Jake Tucker . Tournaments . Tuesday 23rd May 2017 . 13:06
Blizzard have announced a development league, entitled Overwatch Contenders, which the developer is terming a league for “aspiring Overwatch League professionals.”
At the mention of Overwatch League, Blizzard reference the elephant in the room: Overwatch League is still being put together, and the vacuum in its absence is causing major issues for the competitive scene of the game, with 5 teams leaving Overwatch over the last few weeks.
The problem, according to those ejecting from the scene, was that there wasn’t enough of a chance to actually compete, meaning organisations were struggling to win money or even fans with a regular tournament cycle seen in other, better developed, esports.
Blizzard are taking the concerns seriously it seems, with Overwatch Contenders looking to address both concerns. The is kicking off with North American and European team registration opening today, with the first season, dubbed Season Zero, as an online-only qualifier for both NA and EU. The regions will have separate tournaments to determine the top eight teams from each, with winners sharing a chunk of a $50,000 prize pool.
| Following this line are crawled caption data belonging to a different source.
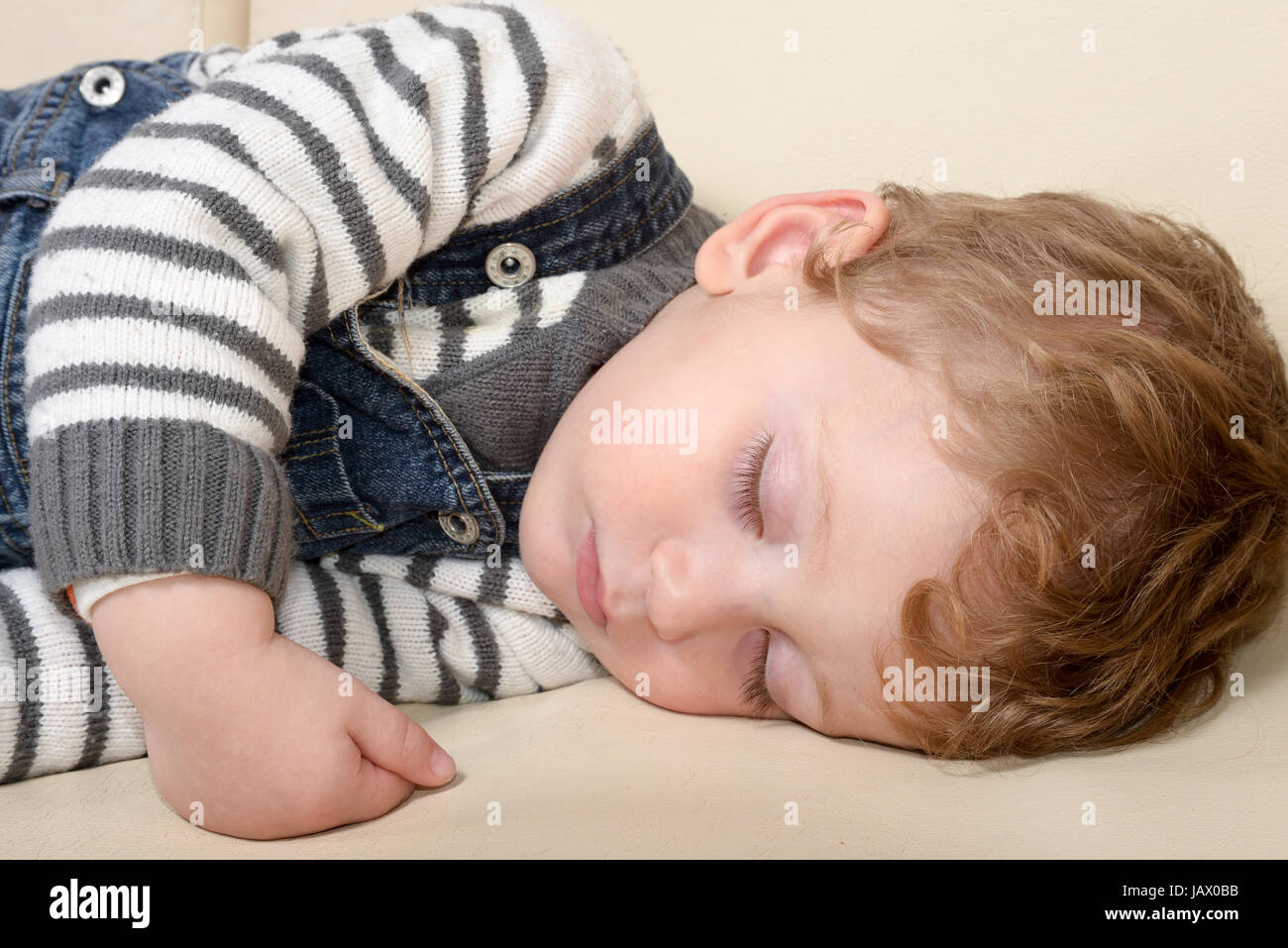 Baby sleeping peacefully on the couch at home Stock Photo
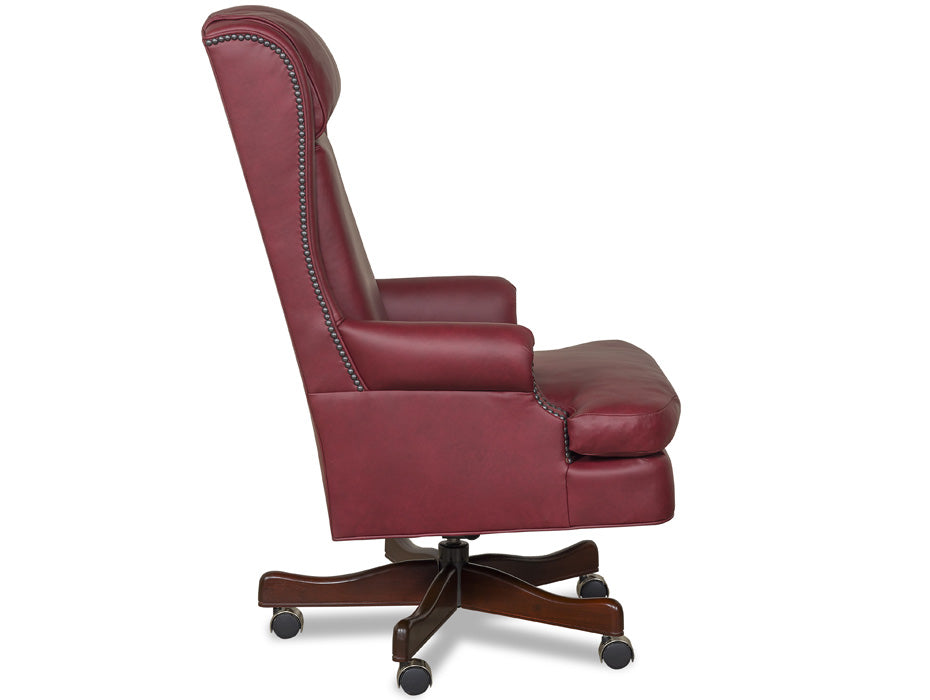 A high-back wingback office chair upholstered in burgundy leather with nailhead trim, shown from the side on a white background.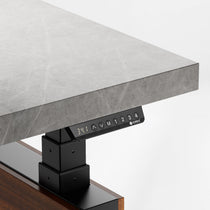 Zen Pro Standing Desk, Grey Sintered Stone Desktop, Control Panel, and Wood Grain Accents By Eureka Ergonomic.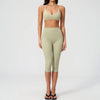 A woman models a light olive green women's premium fitness tracksuit consisting of a sports bra top and leggings.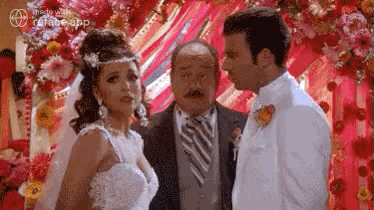 a bride and groom are standing next to each other in front of a floral backdrop .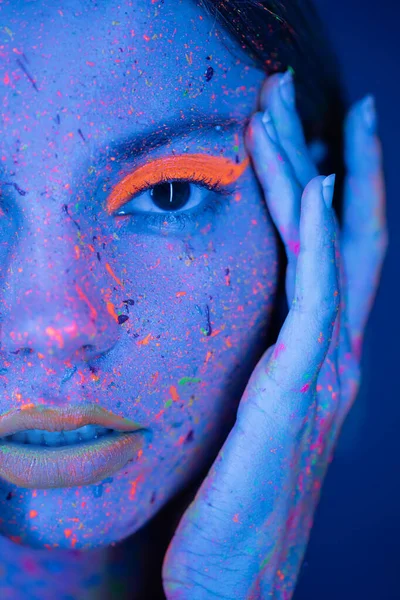 Close up portrait of cropped woman touching face with neon makeup and vibrant paint splashes isolated on dark blue — Stock Photo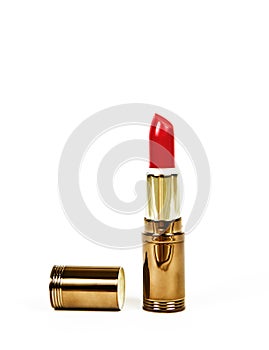 Red lipstick in golden packaging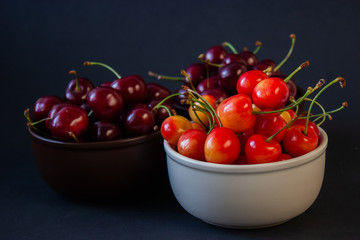 Ripe juicy cherries on a black background. Delicious cherries in plates.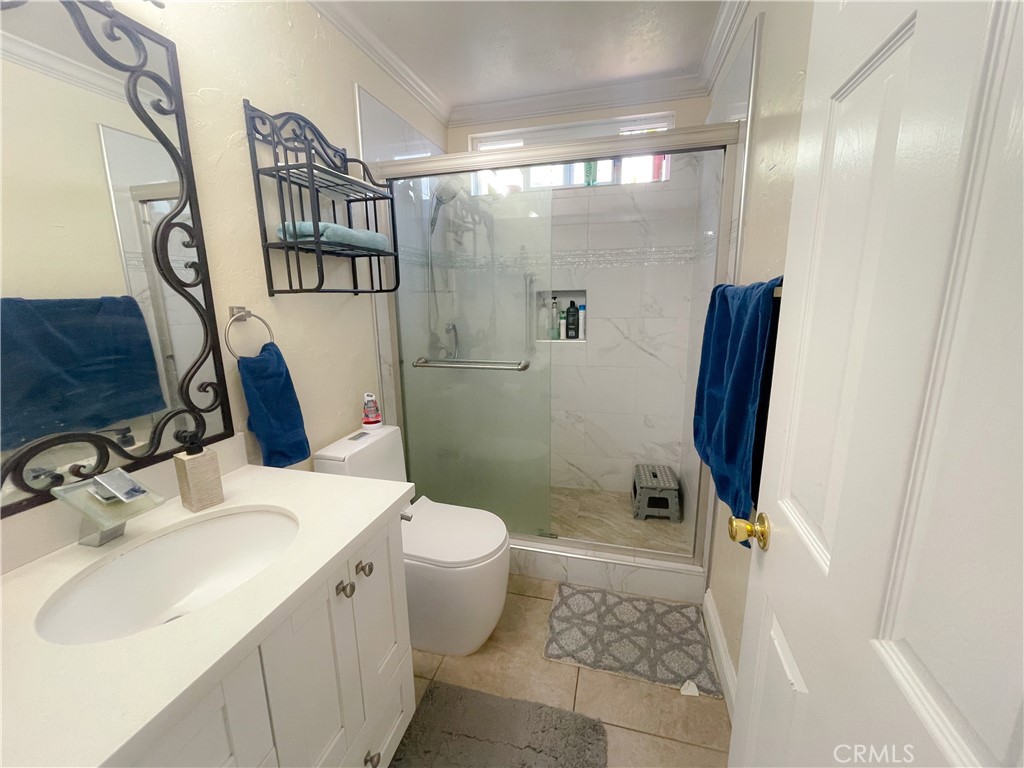 20311 Flintgate Drive Walnut, CA 91789 - Photo 21 of 32 a bathroom with a sink toilet and shower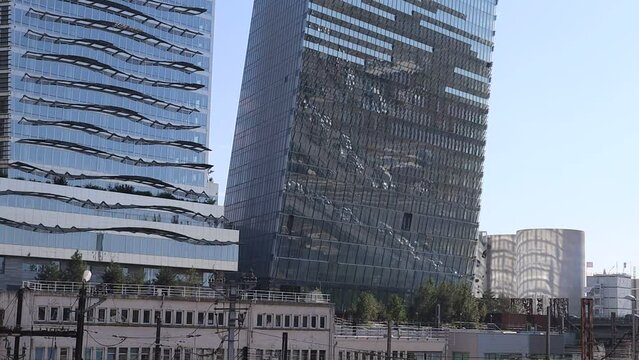 The Paris Ring Road (P&eacute;riph&eacute;rique) reflected in the Duo Towers, a new skyscraper in the south of Paris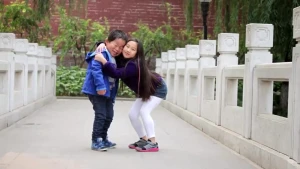 Twee kinderen, een jongen en een meisje, staan op een brug. Het meisje knuffelt de jongen.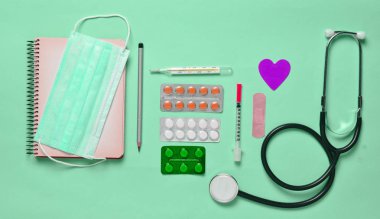 Tıbbi malzeme mavi bir arka plan üzerinde. Kabarcıklar hapları, Not defteri, stetoskop, şırınga, termometre. Tıbbi kavramı, üstten görünüm, düz yatıyordu styl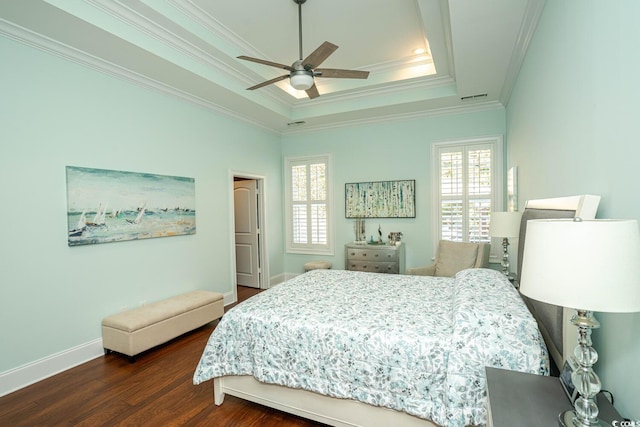 bedroom with ceiling fan, crown molding, a raised ceiling, and multiple windows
Following this, the top six teams from Season Zero in NA will be joined by returning Apex season three teams Team EnVyUs and Rogue for a six week bracket of round-robin play. Then, the top four teams from this contest will advance to an offline playoff bracket to fight for the lions share of $100,000.
In Europe, the same will happen, although the top 8 teams from Europe will go on to compete themselves.
Alongside this will be the Overwatch Open Division, a series of tournaments in regions around the world which will kick off in 2018. The aim of the Open Division, in addition to giving teams some playtime, is to offer up sports to the Overwatch Contenders league.
From Blizzard’s point of view, it makes a lot of sense - teams that aren’t keen to commit to an Overwatch team due to a lack of real structure or real prize money should find both of these issues resolved, although it might take a little bit of a work before endemic organisations that abandoned Overwatch are won back over. The prospect of regular competitive play is a boon for those keen to get involved in the business of watching the sport too, however.
“Over the first year of organized Overwatch competition, we’ve seen an incredible exhibition of skill at Overwatch APEX in South Korea, the Overwatch Pacific Championship in the Asia-Pacific region, and the Overwatch Premier Series in China,” said a press release.
“It’s time to bring that level of competition to the West.”
NA qualifying runs June 3-4, with EU taking place June 10-11. Playoffs take place on July 1 for NA and July 2 for EU.